A questo punto eseguiamo un aspirato midollare che però ci dà una citogenetica senza
alterazioni. La biopsia ossea evidenzia una iperplasia eritroide con deplezione del ferro, perché
ovviamente viene consumato a causa della poliglobulia, e note di fibrosi.
Concludiamo quindi con una diagnosi di policitemia vera JAK2 negativa. Il paziente ha quindi
iniziato un programma di salassi periodici con frequenza all’inizio settimanale, attualmente
mensile, allo scopo di riportare l’ematocrito a valori normali
3° caso clinico
Un ragazzo di 21 anni nel 1999 viene ricoverato d’urgenza in chirurgia per dolore addominale e
vomito. L’emocromo mostra un’anemia microcitica, una modesta piastrinosi con 580 000
piastrine, globuli bianchi nella norma, parametri di funzionalità epatica lievemente alterati. Alla
TAC addome emerge una trombosi della vena sovraepatica destra che si accompagna ad estesa
trombosi della vena porta e della mesenterica superiore. L’ecografia del fegato mostra una
ipertrofia del lobo caudato e segni di un iniziale versamento.
Vista la trombosi in un sito definito inusuale e la giovane età il soggetto fa uno screening per
trombofilia, per escludere che abbia un difetto congenito: è tutto nei limiti ad eccezione di un
dosaggio di proteina C ai limiti inferiori della norma, probabilmente legato alla ridotta
funzionalità epatica.
Eseguiamo un test per le colonie eritroidi spontanee che risulta positivo, quindi sospettiamo una
malattia mieloproliferativa.
L’aspirato midollare presenta numerosissimi megacariociti in tutte le fasi maturative, la biopsia
ossea mostra un’iperplasia della serie megacariocitaria con cellule in gruppi, iperplasia della
serie eritroide, non ci sono segni di fibrosi, la citogenetica è normale. Al paziente viene praticato
un trattamento fibrinolitico per cercare di sciogliere il trombo presente e, usciti dalla situazione
acuta, il paziente viene messo in terapia anticoagulante orale.

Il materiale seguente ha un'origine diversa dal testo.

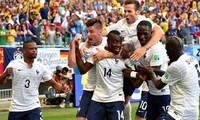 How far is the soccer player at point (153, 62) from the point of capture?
10156 millimetres

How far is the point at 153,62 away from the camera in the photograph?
10.6 meters

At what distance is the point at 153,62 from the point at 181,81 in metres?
1.68

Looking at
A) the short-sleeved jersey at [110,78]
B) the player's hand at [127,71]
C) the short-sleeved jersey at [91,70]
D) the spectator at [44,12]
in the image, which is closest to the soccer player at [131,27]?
the short-sleeved jersey at [110,78]

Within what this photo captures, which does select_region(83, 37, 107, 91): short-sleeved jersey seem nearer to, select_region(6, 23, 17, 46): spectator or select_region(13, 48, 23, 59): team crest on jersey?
select_region(13, 48, 23, 59): team crest on jersey

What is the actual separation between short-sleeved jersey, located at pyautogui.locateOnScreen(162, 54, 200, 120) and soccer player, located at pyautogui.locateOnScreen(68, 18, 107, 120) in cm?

La trombosi si risolve con parziale ricanalizzazione della vena porta e attivazione dei circoli
collaterali, ma permane la spleganomalia. Il paziente viene da noi per un follow-up annuale e i
controlli da fare riguardano le varici esofagee, dovute all’ipertensione portale, e la piastrinosi.
Per escludere una leucemia mieloide cronica il paziente fa un accertamento per BCR-ABL, che
però è negativo.
Negli anni la piastrinosi continua ad aumentare ed il paziente torna nel nostro centro nel 2006
spaventato da 1 100 000 piastrine: eseguiamo il test per verificare la mutazione del JAK2 che è
presente.
A questo punto dobbiamo decidere una terapia e la cosa migliore è trattare il paziente con
interferone; per il prof il farmaco migliore sarebbe l’ oncocardite perché riduce il rischio di
trombosi, ma la terapia migliore rimane comunque l’interferone, se tollerato.